== WHAT TO WORK ON ==
Your answer should be the full data, transcribed exactly, with no pictures in it.

== DATA PROVIDED ==
:::

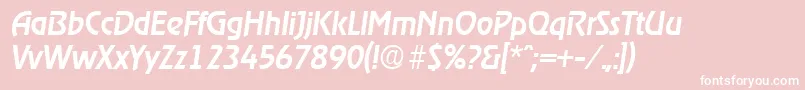 RagtimeMediumita-fontti – valkoiset fontit vaaleanpunaisella taustalla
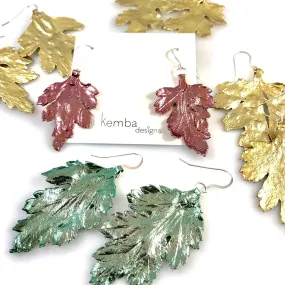 "Glitter Leaf" Earrings (Various Colours)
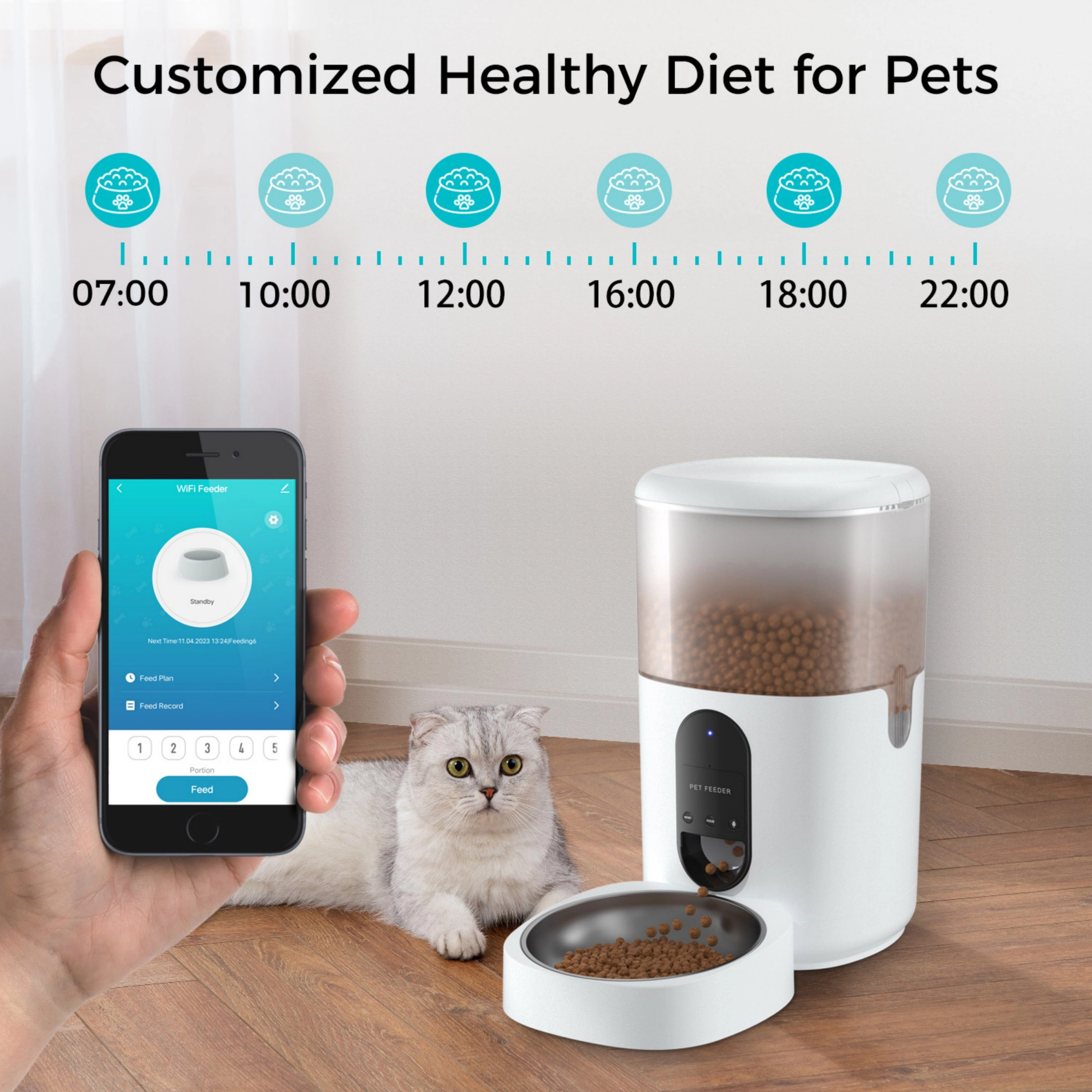 Eco4life 6L Smart WiFi Automatic Pet Feeder 10 Daily Feeds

:::

== OUTPUT OF THE TASK ==
 RagtimeMediumita-fontti – valkoiset fontit vaaleanpunaisella taustalla
 "Glitter Leaf" Earrings (Various Colours)
 Eco4life 6L Smart WiFi Automatic Pet Feeder 10 Daily Feeds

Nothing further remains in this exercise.